(Extracted data entries)
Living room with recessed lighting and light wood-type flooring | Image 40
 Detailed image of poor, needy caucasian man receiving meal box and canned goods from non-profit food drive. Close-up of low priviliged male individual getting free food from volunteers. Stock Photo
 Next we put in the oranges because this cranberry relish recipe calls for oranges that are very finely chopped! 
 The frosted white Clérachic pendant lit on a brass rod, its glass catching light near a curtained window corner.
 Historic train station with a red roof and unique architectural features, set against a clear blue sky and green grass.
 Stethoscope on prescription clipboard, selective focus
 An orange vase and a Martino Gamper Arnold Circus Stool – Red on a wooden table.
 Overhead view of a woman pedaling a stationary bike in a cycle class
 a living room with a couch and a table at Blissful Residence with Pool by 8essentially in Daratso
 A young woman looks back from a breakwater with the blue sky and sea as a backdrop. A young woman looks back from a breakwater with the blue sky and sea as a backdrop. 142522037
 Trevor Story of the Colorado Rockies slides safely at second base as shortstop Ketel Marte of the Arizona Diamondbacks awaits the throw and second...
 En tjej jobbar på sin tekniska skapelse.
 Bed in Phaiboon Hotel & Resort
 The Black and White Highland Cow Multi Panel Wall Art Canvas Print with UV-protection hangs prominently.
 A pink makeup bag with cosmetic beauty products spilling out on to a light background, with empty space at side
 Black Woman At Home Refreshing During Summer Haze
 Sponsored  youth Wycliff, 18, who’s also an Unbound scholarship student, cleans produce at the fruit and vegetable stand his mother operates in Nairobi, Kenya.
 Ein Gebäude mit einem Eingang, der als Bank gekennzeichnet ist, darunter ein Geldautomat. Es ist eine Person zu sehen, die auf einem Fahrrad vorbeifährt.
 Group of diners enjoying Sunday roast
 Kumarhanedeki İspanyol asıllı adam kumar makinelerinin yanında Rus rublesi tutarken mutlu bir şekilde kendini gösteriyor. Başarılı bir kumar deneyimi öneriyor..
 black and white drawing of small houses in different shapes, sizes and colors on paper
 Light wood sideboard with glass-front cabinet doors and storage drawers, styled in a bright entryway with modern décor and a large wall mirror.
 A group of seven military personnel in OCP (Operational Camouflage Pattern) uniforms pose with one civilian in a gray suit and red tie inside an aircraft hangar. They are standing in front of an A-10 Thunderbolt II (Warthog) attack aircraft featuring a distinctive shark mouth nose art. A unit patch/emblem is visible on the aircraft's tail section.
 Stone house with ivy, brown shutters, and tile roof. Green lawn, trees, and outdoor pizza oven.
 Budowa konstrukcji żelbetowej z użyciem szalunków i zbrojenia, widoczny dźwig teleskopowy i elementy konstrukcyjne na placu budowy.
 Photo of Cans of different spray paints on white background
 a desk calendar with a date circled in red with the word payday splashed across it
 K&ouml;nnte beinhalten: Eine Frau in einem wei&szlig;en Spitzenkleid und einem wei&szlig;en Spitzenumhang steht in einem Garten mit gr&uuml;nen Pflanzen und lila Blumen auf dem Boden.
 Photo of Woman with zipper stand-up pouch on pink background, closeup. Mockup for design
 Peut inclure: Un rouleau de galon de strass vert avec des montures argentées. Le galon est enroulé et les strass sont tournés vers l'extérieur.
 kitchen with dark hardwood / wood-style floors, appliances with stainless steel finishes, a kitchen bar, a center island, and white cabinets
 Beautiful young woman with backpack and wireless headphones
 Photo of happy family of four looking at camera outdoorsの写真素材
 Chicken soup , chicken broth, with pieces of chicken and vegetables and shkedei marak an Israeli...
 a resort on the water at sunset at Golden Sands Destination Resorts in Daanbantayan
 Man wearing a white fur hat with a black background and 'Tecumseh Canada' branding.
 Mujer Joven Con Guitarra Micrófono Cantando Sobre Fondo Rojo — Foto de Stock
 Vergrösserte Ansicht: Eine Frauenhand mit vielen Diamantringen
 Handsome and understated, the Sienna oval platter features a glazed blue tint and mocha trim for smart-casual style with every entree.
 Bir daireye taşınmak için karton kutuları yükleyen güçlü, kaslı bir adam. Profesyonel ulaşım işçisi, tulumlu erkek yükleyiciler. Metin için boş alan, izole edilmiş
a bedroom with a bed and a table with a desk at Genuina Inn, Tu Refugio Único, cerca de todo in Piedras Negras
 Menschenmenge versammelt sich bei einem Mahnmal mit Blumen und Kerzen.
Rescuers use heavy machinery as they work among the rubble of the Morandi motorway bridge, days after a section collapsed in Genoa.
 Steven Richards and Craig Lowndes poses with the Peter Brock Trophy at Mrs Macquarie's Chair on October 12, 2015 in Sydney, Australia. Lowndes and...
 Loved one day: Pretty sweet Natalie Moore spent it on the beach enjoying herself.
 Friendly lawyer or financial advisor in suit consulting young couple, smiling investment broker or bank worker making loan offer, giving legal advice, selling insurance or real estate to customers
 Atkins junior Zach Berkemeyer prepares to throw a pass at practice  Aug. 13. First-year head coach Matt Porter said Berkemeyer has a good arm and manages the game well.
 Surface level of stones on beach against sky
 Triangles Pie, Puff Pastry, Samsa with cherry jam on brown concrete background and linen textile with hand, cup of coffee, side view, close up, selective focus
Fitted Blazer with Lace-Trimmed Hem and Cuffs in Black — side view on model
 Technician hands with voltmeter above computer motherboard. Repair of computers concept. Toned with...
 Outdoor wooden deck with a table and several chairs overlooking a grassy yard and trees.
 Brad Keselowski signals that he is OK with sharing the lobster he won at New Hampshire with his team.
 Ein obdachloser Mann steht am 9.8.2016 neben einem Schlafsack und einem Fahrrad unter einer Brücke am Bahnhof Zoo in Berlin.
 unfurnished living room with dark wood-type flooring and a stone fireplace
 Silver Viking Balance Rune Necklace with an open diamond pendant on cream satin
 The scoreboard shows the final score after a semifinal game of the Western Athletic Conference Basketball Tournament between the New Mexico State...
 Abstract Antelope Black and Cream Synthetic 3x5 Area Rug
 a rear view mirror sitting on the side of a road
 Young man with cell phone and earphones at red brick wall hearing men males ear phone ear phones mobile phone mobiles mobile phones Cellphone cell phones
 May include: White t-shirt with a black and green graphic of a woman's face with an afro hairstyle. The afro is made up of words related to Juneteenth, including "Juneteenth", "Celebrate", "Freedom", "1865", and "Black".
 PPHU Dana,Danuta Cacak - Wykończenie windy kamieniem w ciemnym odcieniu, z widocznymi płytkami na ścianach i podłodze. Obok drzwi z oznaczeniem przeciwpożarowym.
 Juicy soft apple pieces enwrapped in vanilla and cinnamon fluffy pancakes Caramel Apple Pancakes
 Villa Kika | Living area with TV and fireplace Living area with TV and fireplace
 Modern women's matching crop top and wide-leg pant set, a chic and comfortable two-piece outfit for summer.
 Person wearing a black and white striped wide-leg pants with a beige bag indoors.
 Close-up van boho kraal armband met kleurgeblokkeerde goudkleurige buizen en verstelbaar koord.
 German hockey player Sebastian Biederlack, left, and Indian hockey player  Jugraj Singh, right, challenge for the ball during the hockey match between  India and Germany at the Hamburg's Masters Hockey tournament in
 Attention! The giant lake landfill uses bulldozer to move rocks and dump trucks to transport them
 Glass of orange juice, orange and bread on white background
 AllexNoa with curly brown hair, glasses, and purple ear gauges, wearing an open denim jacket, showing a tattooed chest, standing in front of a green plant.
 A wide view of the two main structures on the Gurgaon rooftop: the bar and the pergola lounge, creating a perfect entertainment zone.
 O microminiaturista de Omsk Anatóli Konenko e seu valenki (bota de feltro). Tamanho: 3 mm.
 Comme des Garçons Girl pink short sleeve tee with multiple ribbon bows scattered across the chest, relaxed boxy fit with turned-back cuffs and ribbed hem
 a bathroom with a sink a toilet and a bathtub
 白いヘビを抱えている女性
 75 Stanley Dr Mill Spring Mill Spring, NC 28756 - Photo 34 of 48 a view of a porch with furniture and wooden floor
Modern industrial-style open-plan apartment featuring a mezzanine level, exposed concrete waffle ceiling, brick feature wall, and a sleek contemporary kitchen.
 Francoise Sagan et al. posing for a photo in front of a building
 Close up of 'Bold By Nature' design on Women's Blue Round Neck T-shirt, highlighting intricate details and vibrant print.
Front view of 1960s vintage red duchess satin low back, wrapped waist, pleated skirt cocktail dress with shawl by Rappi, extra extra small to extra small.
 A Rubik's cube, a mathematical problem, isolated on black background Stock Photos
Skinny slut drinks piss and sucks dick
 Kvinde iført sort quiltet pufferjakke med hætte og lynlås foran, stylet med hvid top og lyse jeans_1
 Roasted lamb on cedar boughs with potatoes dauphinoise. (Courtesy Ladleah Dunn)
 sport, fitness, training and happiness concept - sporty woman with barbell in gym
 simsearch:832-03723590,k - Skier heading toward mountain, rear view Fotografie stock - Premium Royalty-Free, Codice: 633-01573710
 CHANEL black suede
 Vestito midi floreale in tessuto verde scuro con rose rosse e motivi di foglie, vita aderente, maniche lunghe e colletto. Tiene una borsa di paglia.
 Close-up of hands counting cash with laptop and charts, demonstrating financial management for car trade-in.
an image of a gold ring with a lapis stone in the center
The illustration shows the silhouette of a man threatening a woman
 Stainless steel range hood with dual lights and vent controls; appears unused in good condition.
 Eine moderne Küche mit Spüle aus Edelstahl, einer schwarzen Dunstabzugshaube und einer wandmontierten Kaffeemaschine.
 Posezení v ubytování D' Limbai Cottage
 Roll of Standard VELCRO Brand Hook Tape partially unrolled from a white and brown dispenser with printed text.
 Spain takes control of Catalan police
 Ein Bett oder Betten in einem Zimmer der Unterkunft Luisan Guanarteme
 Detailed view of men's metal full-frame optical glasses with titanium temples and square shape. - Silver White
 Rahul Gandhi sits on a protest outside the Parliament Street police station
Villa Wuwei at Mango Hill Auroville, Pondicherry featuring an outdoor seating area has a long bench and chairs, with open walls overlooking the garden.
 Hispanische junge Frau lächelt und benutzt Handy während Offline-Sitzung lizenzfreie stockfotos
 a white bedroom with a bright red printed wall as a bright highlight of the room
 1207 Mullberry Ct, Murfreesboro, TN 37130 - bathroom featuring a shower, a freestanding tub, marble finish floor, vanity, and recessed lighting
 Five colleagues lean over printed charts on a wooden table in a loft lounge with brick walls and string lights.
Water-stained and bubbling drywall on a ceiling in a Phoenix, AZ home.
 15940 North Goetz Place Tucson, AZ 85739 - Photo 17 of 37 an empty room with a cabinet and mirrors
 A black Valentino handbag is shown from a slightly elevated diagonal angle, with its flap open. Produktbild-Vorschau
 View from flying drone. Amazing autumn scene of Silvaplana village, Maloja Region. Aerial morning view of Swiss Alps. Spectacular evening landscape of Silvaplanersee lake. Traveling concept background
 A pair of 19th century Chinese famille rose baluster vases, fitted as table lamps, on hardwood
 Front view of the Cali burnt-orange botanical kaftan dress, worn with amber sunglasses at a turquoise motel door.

▸ **Exercise**: Above are some records; copy exactly the lines from the one with "白いヘビを抱えている女性" through the one with "The illustration shows", both included, and no others.

▸ **Answer area**:
 白いヘビを抱えている女性
 75 Stanley Dr Mill Spring Mill Spring, NC 28756 - Photo 34 of 48 a view of a porch with furniture and wooden floor
Modern industrial-style open-plan apartment featuring a mezzanine level, exposed concrete waffle ceiling, brick feature wall, and a sleek contemporary kitchen.
 Francoise Sagan et al. posing for a photo in front of a building
 Close up of 'Bold By Nature' design on Women's Blue Round Neck T-shirt, highlighting intricate details and vibrant print.
Front view of 1960s vintage red duchess satin low back, wrapped waist, pleated skirt cocktail dress with shawl by Rappi, extra extra small to extra small.
 A Rubik's cube, a mathematical problem, isolated on black background Stock Photos
Skinny slut drinks piss and sucks dick
 Kvinde iført sort quiltet pufferjakke med hætte og lynlås foran, stylet med hvid top og lyse jeans_1
 Roasted lamb on cedar boughs with potatoes dauphinoise. (Courtesy Ladleah Dunn)
 sport, fitness, training and happiness concept - sporty woman with barbell in gym
 simsearch:832-03723590,k - Skier heading toward mountain, rear view Fotografie stock - Premium Royalty-Free, Codice: 633-01573710
 CHANEL black suede
 Vestito midi floreale in tessuto verde scuro con rose rosse e motivi di foglie, vita aderente, maniche lunghe e colletto. Tiene una borsa di paglia.
 Close-up of hands counting cash with laptop and charts, demonstrating financial management for car trade-in.
an image of a gold ring with a lapis stone in the center
The illustration shows the silhouette of a man threatening a woman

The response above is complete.